The program.md file is the part I find most interesting to steal. It’s not a config file or a prompt — it’s a living brief that the human iterates on between experiments. It carries the hypothesis backlog (ideas not yet tried), the list of what’s been ruled out, the constraints the agent should respect. Karpathy describes it as the “research org code”: the thing you’re actually building when you run this loop isn’t a better model, it’s a better understanding of the problem expressed as text. The model weights are a side effect.

That framing transfers. In any domain where you’re running experiments, the most durable output isn’t the winning configuration — it’s the brief that got refined through trying and failing and noting what failed and why. The winning prompt today will drift. The brief that describes why certain approaches don’t work on this particular classification problem, for this particular data distribution, in this particular regulatory context, is still useful when the underlying model changes.

I built a small skill called peira — Greek for trial or experiment — that tries to capture this discipline as a reusable workflow. The machinery is lighter than autoresearch: a brief file, a log file, a hard budget set before starting, a locked metric that doesn’t change mid-campaign. But the loop is the same. Propose one change. Run it. Measure. Keep or discard. Note what you learned. Repeat until budget is exhausted.

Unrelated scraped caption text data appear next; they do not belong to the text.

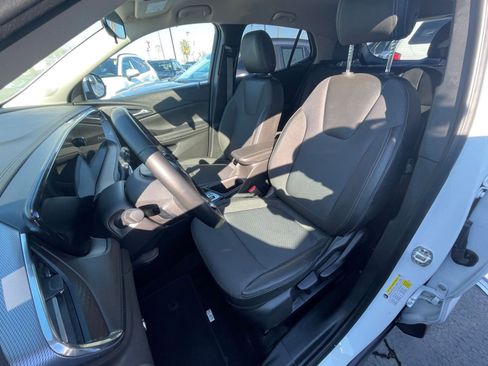 Used 2025 Buick Encore GX Preferred image 34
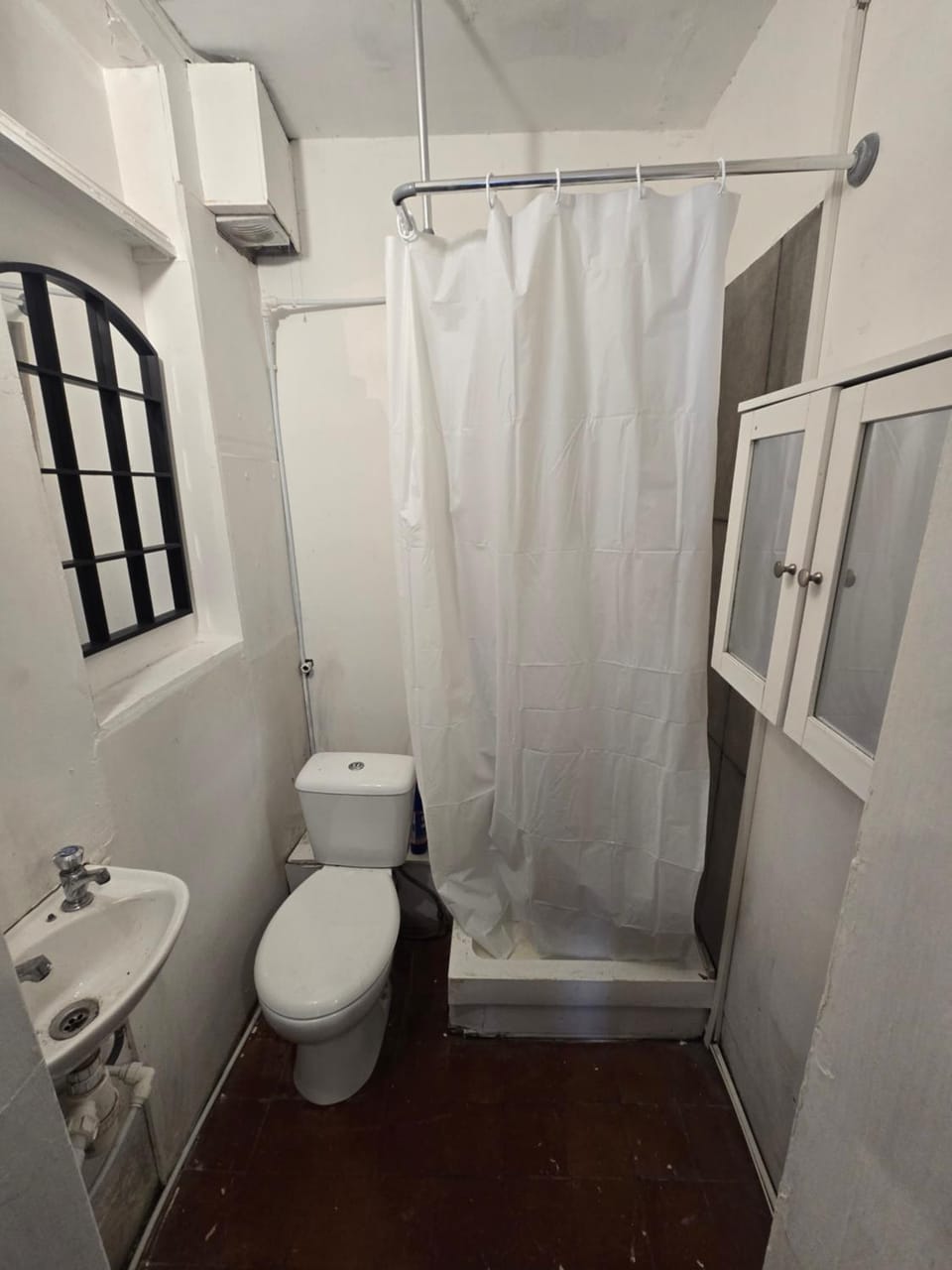 Large flat with parking, near town and trains Apartment in Dover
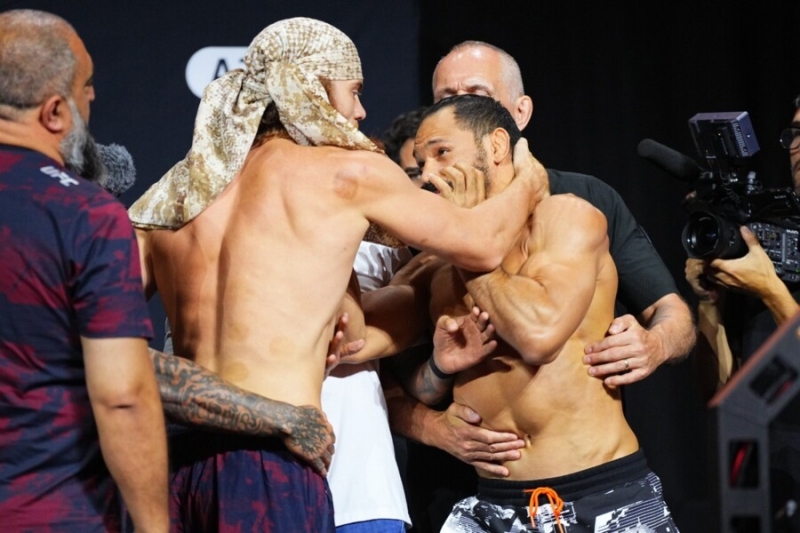 Подвиг россиянина в UFC! Шара Буллет улетел в нокдаун, но победил
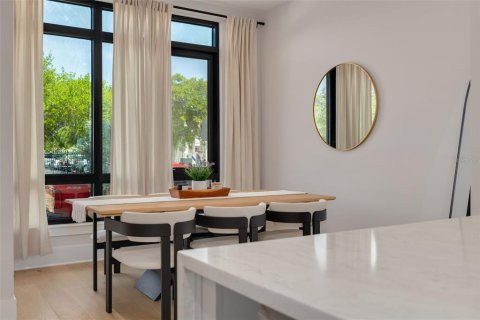 Townhouse in Saint Petersburg, Florida 2 bedrooms, 148.64 sq.m. № 2386261 - photo 10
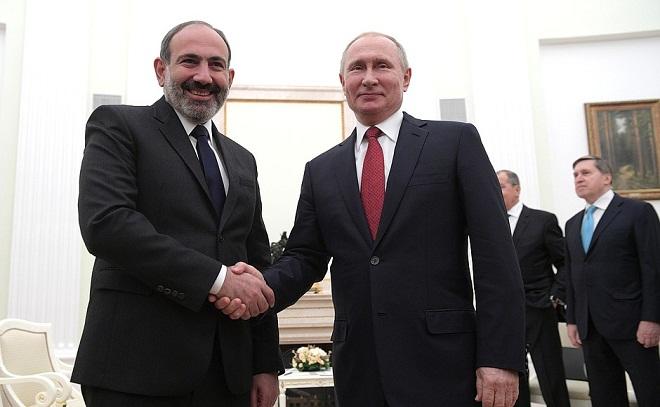 Putin Paşinyanı təbrik etdi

The insight from Karpathy’s project isn’t that you can do AI research without a human in the loop. It’s that rigorous iteration requires structure that most people don’t impose on themselves, and that structure can be written down and reused. The H100 just makes the feedback loop fast enough to see results before breakfast.

Without the GPU, you just set your alarm for later.


P.S. The first thing I did after building peira was use it to design an experiment for testing whether a change to my own workflow actually worked. Before running a single experiment, I searched my chat history to establish a proper baseline — and found that the baseline I’d assumed was wrong. The failure mode I was testing for only appeared in a specific edge case, not generally. The experiment loop corrected the experiment’s own design before the campaign started. I’m not sure Karpathy planned for that use case, but it’s the most recursive thing I’ve built in a while.